I don’t believe in ever censoring a writer’s work (student or otherwise), but it’s important to make young writers aware that they have an audience. In theory, if they were to publish this piece of satire, how might that audience react? If the satire is perceived to be “punching down” people might take offence. Satire is generally better received when it’s viewed to be “punching up.”

What does this mean? Everyone in society has differing degrees of power, that may vary depending on the situation. In most cases, humour that is directed from a person of lesser power to a person with greater power is seen as acceptable. (This is “punching up”.) Humour that is directed from a person with greater power to someone with lesser power is not generally as acceptable. (This is “punching down”.)

Now, this also depends on how hard the punches are. There could be circumstances where light-hearted “punching down” might work.

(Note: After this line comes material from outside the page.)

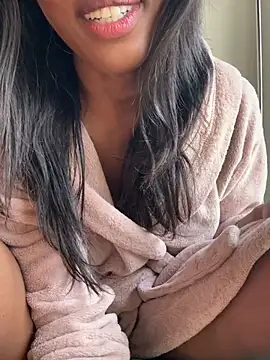 ebonys1ut (F young) - Ass to cam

But writers should be cognizant of potential issues that may arise when punching down.

I tend to think that most of the humour on the Daily Bonnet is “punching sideways.” I’m Mennonite, religiously and culturally, so I’m basically poking fun at myself. Sometimes I’m making fun of myself in a very general way, but in other cases it can be quite specific.

For instance:  Mennonite Man Mows Lawn Only Slightly More Frequently than He Shaves. Here I’m writing about myself directly. I don’t shave or mow the lawn as often as some might think I should. Too busy writing and marking I guess…

Self-deprecation works well. This excellent video dissects the humour of comedian Ellen Degeneres and demonstrates how her humour makes her likeable. The main takeaway is that her jokes rarely have a loser. They may be self-deprecating, but they don’t often leave anyone feeling bad about themselves.